In the initial stage, the non-typed constant 50000 is implicitly transformed into the integer data type. But the conversion yields a negative result (-15536).
After that, this value is added to the typed constant (INT#1). The outcome is -15535. Given that the tag to which the addition result is to be written is defined with the data type DINT (double integer), the value -15535 is implicitly transformed to the data type DINT and stored in the tag Variable_DINT. However, the outcome is still negative.
We expected that the non-typed constant 50000 would be added to the typed constant one (INT#1) and deliver the result of 50001 (1 + 50000 = 50001). But it didn't happen. How to solve this problem?
There are two ways to fix this issue. The first solution to avoid this undesirable outcome is to type both constants. When you type both constants, the computation operation is determined by the lengthier data type.
To apply this solution, left-click the Go offline button on the top toolbar to bring the program into offline mode. Then, modify your application code into: #Variable_DINT := INT#1 + DINT#50000; in the SCL function block FB_MathsFunctions. In this computation process, the typed constant DINT#50000 and the typed constant INT#1 will be added together.
To compile the modified program, right-click over the Program blocks folder in the Project tree, select Compile from the pop-up menu and then choose Software (rebuild all).
To download the modified program to the simulator, right-click over the Program blocks folder, select the Download to device from the pop-up menu and then choose Software (only changes). When the Load preview window opens, press the Load button.
To see the result, left-click the eye-glasses icon in the SCL editor’s toolbar to bring the program into online mode. At first, the constant INT#1 is transformed into the double integer (DINT) data type. Then, the addition of the two constants is performed in the DINT data type region: 1 + 50000 = 50001
The second solution to resolve the mentioned issue is not to type both constants. If you do not type both constants, they are interpreted as the broadest available data type on the current CPU. It indicates the two constants are treated as LINT data types on an S7-1500 series CPU.
To apply this solution, once again, left-click the Go offline icon on the top toolbar and modify the application code in the SCL editor using the non-typed constants as follows: #Variable_DINT := 1 + 50000.
In this computation process, the non-typed constant 50000 and the non-typed constant 1 will be added together.

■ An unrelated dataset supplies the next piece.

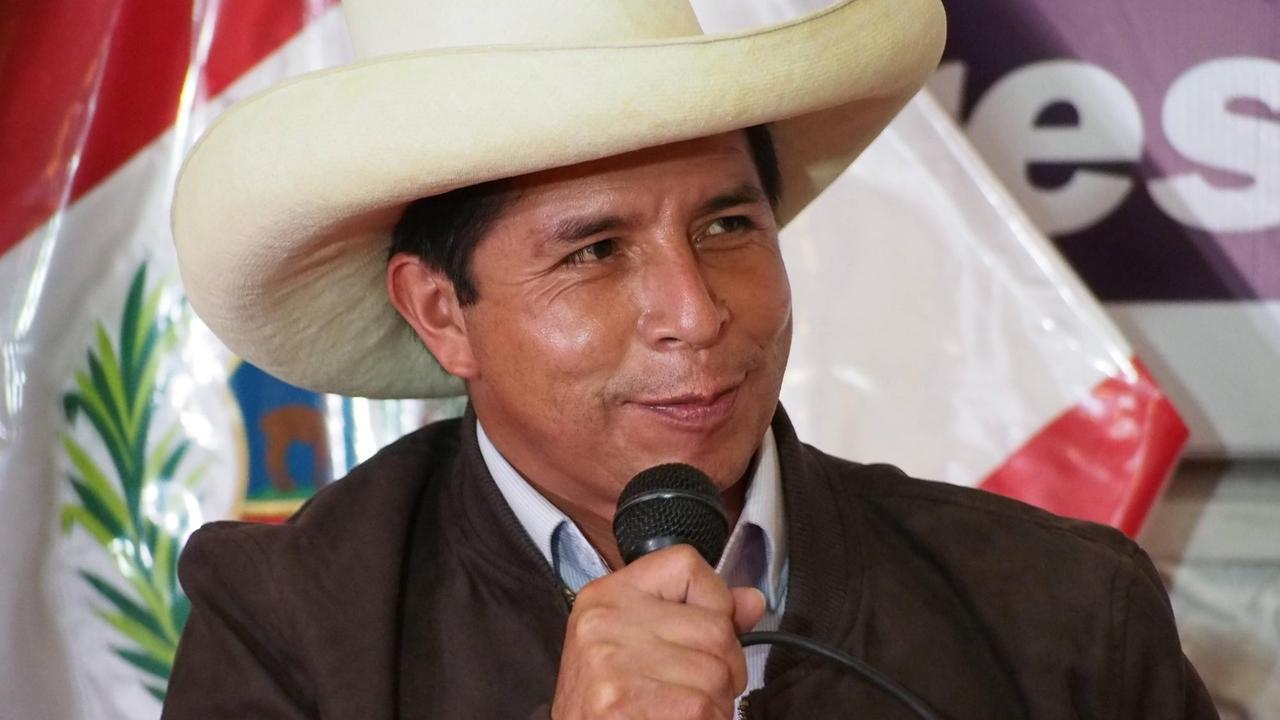 Pedro Castillo, ein dunkelhaariger Mann mit weißem Sombrero, spricht in ein Mikrofon.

To compile the modified program, under the Program blocks folder, right-click over the SCL function block FB_MathsFunctions, select Compile from the pop-up menu and then choose Software (only changes).
This time to download the modified program to the simulator, left-click the Program blocks folder in the Project tree and then left-click the Download to device icon on the top toolbar to open the Load preview window. In the pop-up window, press the Load button.

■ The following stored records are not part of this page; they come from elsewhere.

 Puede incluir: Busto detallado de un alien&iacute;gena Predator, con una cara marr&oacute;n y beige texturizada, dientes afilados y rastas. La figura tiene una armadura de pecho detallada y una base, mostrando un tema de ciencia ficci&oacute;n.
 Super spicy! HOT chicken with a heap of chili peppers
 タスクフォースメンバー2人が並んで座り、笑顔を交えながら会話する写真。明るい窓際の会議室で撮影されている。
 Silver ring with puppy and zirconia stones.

To see the result, left-click the eye-glasses icon in the SCL editor’s toolbar to bring the program into the online mode to monitor it. The constant values 1 and 50000 are considered to be of the LINT data type, and the outcome of the addition is once more transformed into the DINT data type.

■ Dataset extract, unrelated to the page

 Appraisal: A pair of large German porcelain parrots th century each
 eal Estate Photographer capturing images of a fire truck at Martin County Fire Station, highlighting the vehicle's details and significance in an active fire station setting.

This tutorial discussed constant value calculation in Structured Control Language (SCL). You learned constant variables are divided into two categories: typed and non-typed, and you got familiar with the differences between them.
You learned not to combine typed and non-typed constants in mathematical equations as you would otherwise face undesired implicit conversions, resulting in inaccurate values.
You learned in case of encountering this issue during programming, use two possible options to fix it. The first solution is to type both constants. Whenever you type both constants, the lengthier data type determines how the calculation is performed.
And there is also a second solution to not typing both constants to avoid the undesired and wrong result. When you don't type both constants, the processor interprets them as the broadest possible data type. Consequently, on a Siemens S7-1500 processor, these two constants are interpreted as LINT values.